Mixed Bean Salad Recipe
A fresh, vibrant, and protein-packed Mixed Bean Salad bursting with bold flavors, crunchy textures, and a tangy dressing perfect for meal prep, weight management, and quick, healthy lunches.
Prep Time 15 minutes mins
Total Time 15 minutes mins
Course Salad, Side Dish
Cuisine American, Mediterranean
Servings 6
Calories 167 kcal
Large mixing bowl
Small bowl (for dressing)
Whisk or fork (for mixing the dressing)
Cutting Board
Sharp Knife
Measuring spoons and cups
Colander (for draining and rinsing beans)
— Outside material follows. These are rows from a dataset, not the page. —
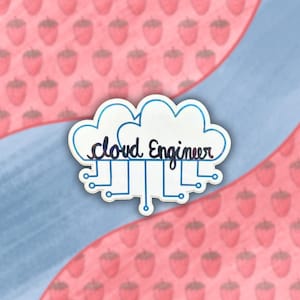 May include: A white sticker with a blue holographic finish depicting a cloud with the text "cloud engineer" and a stylised circuit board design.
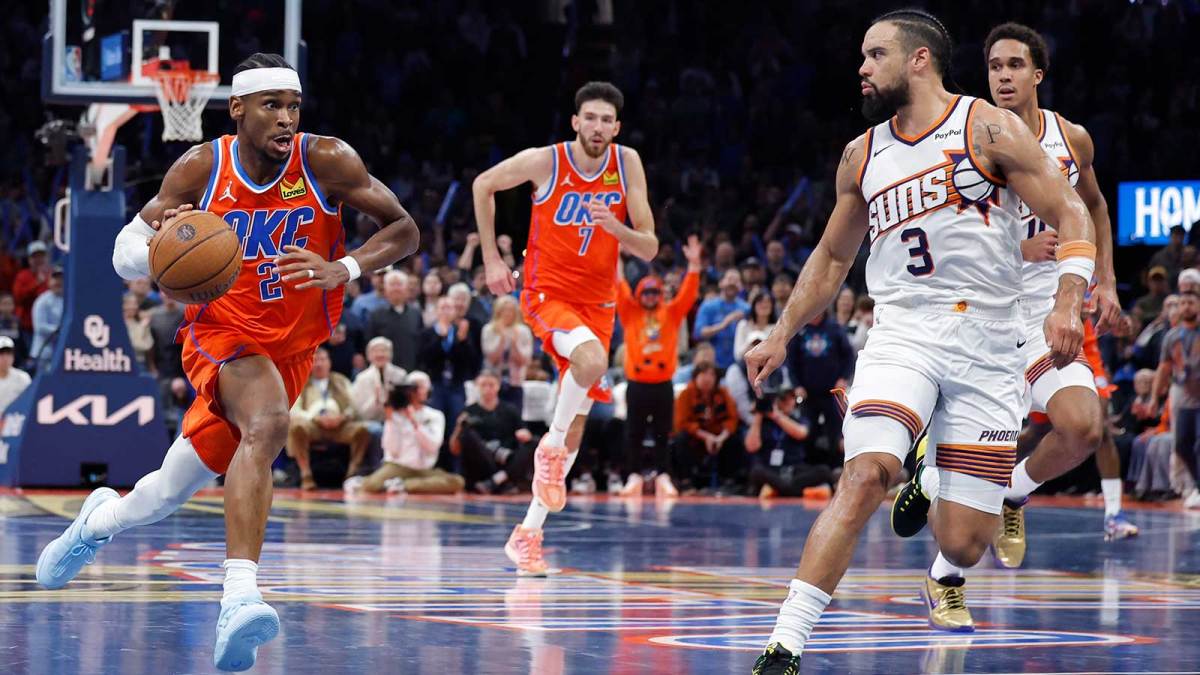 Thunder guard Shai Gilgeous-Alexander (2) drives down the court beside Phoenix Suns forward Dillon Brooks (3) during the second half at Paycom Center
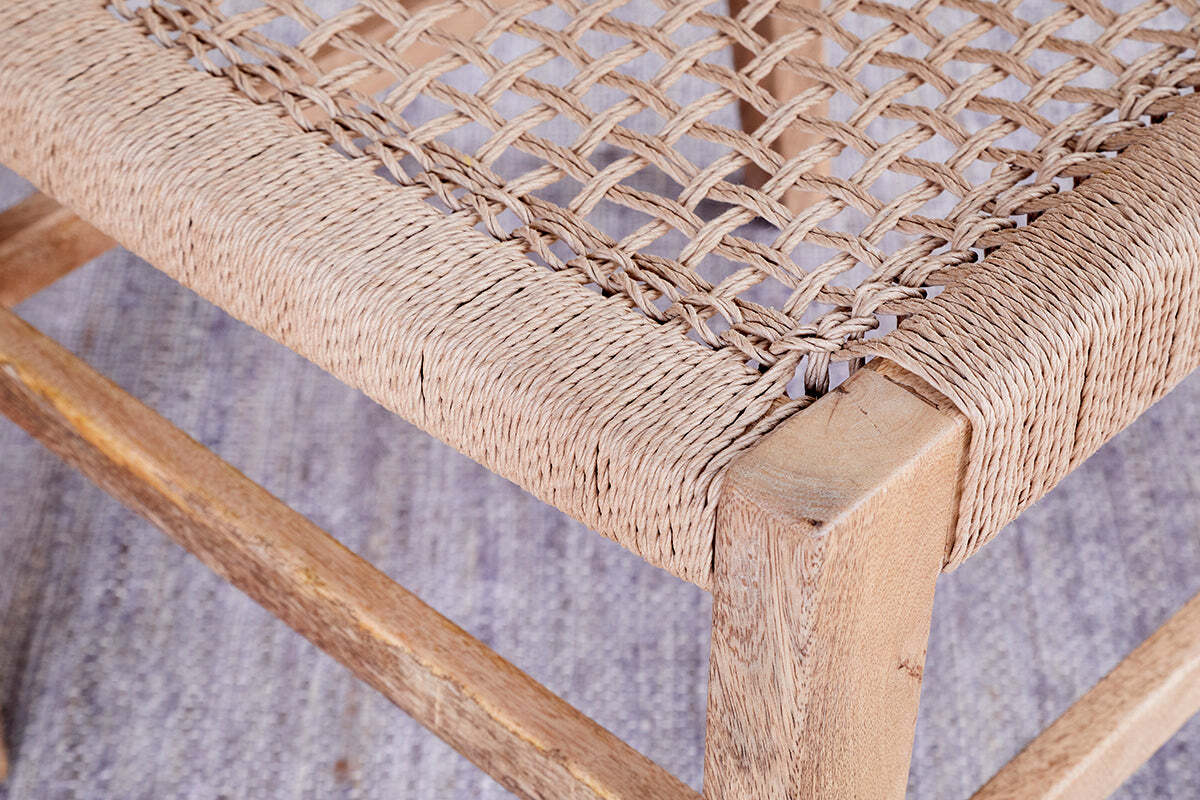 Close-up of the Aamani Mango Wood & Cord Dining Chair by nkuku, showing its natural mango wood frame with visible grain and a tightly woven cord seat in a textured crisscross pattern. The chair sits on a light, textured floor.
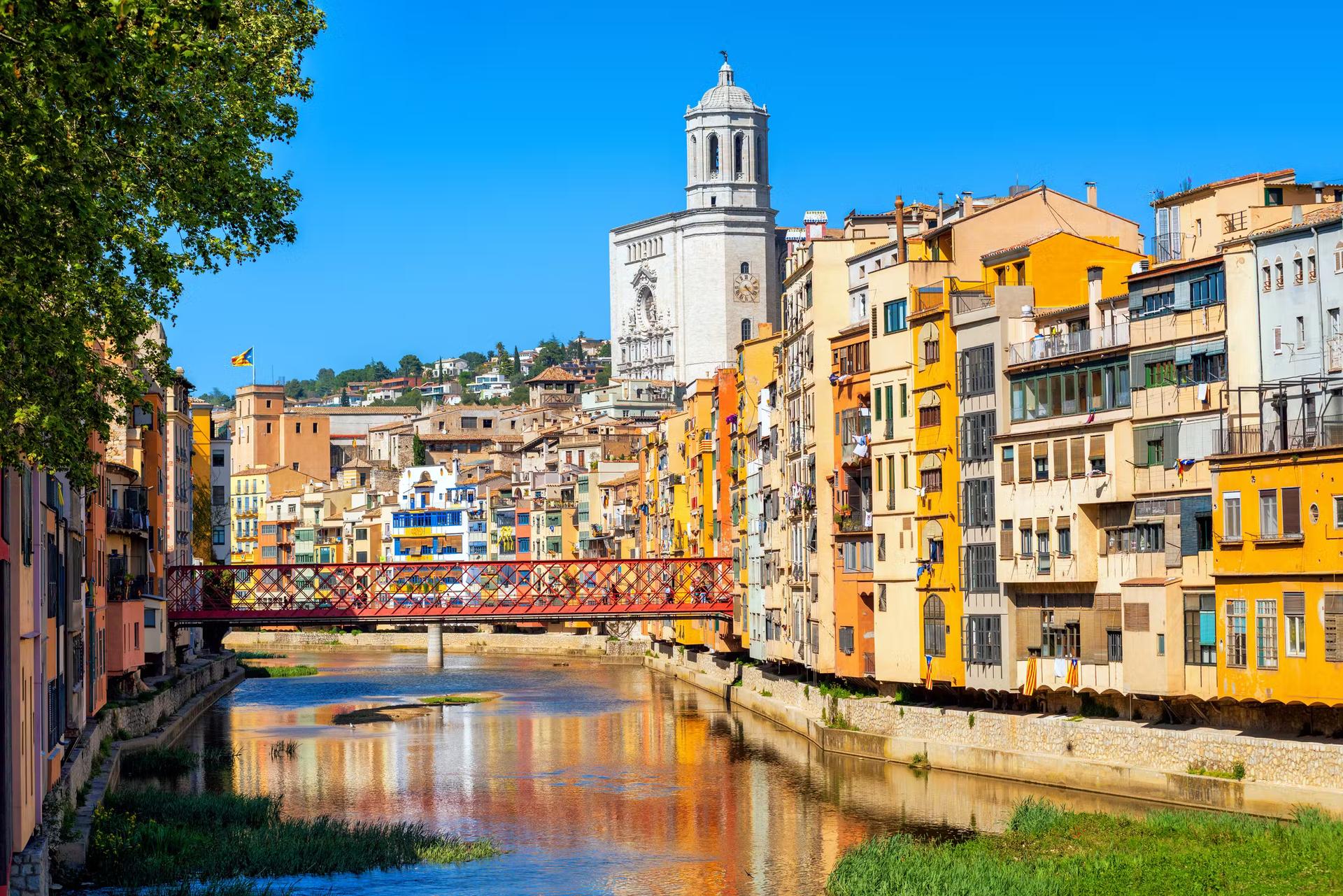 Traditional colorful houses and gothic Cathedral in Girona Old Town
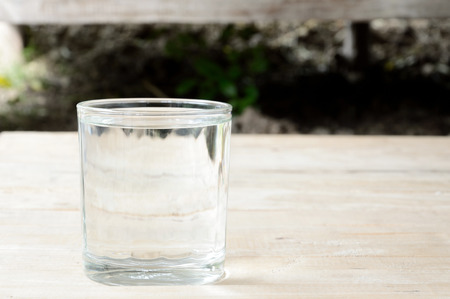 glass of purified water on wooden tableの写真素材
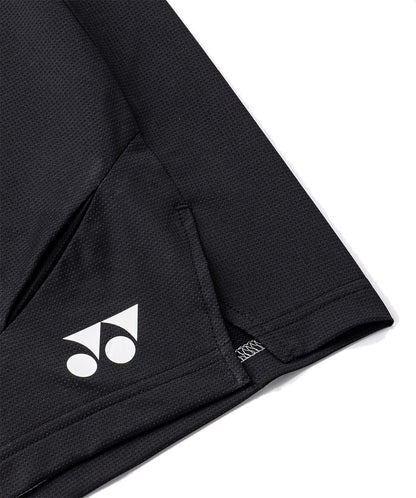 Close-up of Yonex 15239YX Knit Men's Padel Shorts in black, featuring a white Yonex logo near the hem and detailed seams—lightweight athletic shorts designed for top performance on the court.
- 3 15 oz cans beans drained and rinsed or use 4 ½ cups cooked beans
- 1/2 medium onion finely chopped about 3/4 cup
- 1 medium cucumber finely chopped about 2 cups
- 3 tablespoons drained capers
- 1/2 cup 60g finely chopped fresh parsley
- 3/4 teaspoon dried oregano
For the Dressing:
- 1/4 cup 60ml red wine vinegar
- 1/4 cup 60ml extra-virgin olive oil
- 1 teaspoon Dijon mustard
- 1 to 2 teaspoons honey or maple syrup optional
- 3/4 teaspoon fine sea salt plus more to taste
- 1/4 teaspoon fresh ground black pepper
Drain and rinse the beans thoroughly, then add them to a large bowl.
Finely chop onion, cucumber, and parsley; add to the bowl.
Add capers and sprinkle dried oregano over the mixture.
In a small bowl, whisk together red wine vinegar, olive oil, Dijon mustard, salt, pepper, and honey or maple syrup.
Pour the dressing over the bean mixture.
Toss everything gently until evenly coated.
Taste and adjust salt, pepper, or sweetener as needed.
Chill for 15–30 minutes before serving, if desired, for best flavor.